競合がいない代わりに、相手が今その業務を外注したいと思っているとは限りません。命中率は低くなりますが、決まったときの単価と継続性は高くなる傾向があります。

3つ目が、紹介です。過去の取引先や知人からの声かけ。最も返信率が高く、最も再現性が低い経路です。ここを狙って動くというより、1つ目と2つ目を丁寧にやった結果として生まれるものだと考えてください。

副業として始める方の多くは、1つ目から入ります。この記事では主にその応募文を扱いますが、考え方は直接営業でもそのまま使えます。

返信が来ない応募文の3つの型

まず、うまくいかない側から見ていきましょう。ご相談でお預かりする応募文は、だいたいこの3つに分類できます。

型1: 自己紹介だけで終わっている

「はじめまして。前職で5年間、一般事務を担当しておりました。パソコン操作には慣れており、丁寧な作業を心がけております。よろしくお願いいたします」

丁寧です。悪いところは何もありません。ただ、発注者から見ると、この文章を読んでも判断材料が増えないんです。

発注者が知りたいのは、「この人に、この募集の業務を任せられるか」です。前職の年数は、その判断の材料にはなりません。募集している業務のどこができるのか、どう進めるつもりなのかが書かれていないと、返信の理由が生まれません。

型2: 意欲だけを書いている

「未経験ですが、一生懸命がんばります。何でもやらせていただきます。ご指導いただければ幸いです」

これも悪意はまったくない文章です。けれど、発注者はここで1つ不安になります。「指導が必要なのだな」と読めてしまうからです。

業務支援全般を外注する動機は、自分の手を空けることです。教える手間が発生するなら、目的と逆になります。意欲を伝えたいなら、意欲そのものではなく、意欲の結果として何を準備したかを書くほうが伝わります。

型3: 条件だけを聞いている

「単価はいくらでしょうか。稼働時間はどのくらいですか。在宅で可能ですか」

条件確認自体は必要なことです。むしろ後述するとおり、条件を文字で確認するのは自分を守るために欠かせません。

ただ、最初の一通目がこれだけだと、順序が逆になります。
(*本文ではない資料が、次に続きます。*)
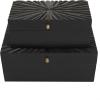 imageCosmoLiving by Cosmopolitan Wood Geometric Decorative Box Decorative Keepsake Boxes with Hinged Lid Set of 2 Storage Boxes 10quot 8quotW GoldBlack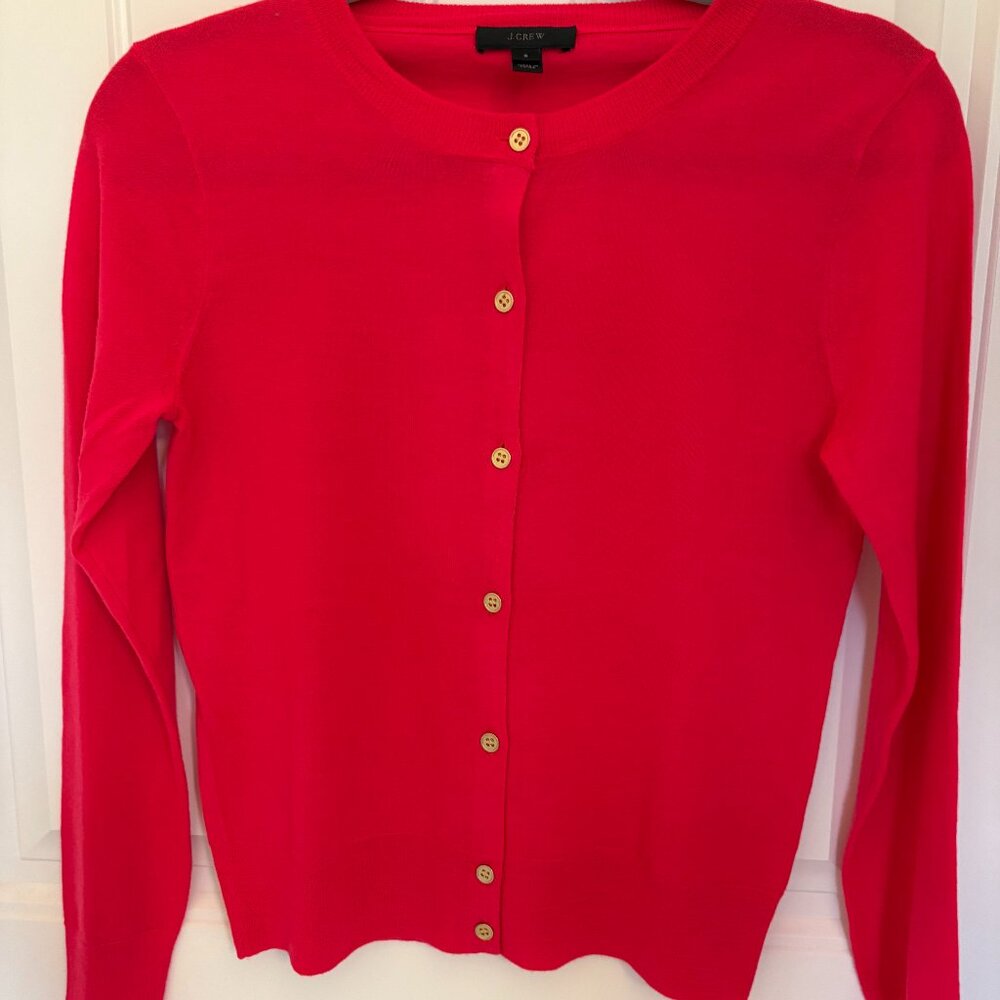 J. Crew Rich Pinky Salmon Front Button Lady Cardigan Small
発注者からすると、まだ何もできるか分からない相手から条件だけ聞かれている状態です。条件は、こちらができることを示したうえで確認するもの。順序が変わるだけで印象が変わります。

返信率が上がる応募文の構造

ここからが本題です。順番も含めて書きます。

冒頭: どの部分を担えるかを1文で

最初の1文で結論を書きます。「ご記載の業務のうち、請求書発行と経費データの入力を中心にお手伝いできます」のように。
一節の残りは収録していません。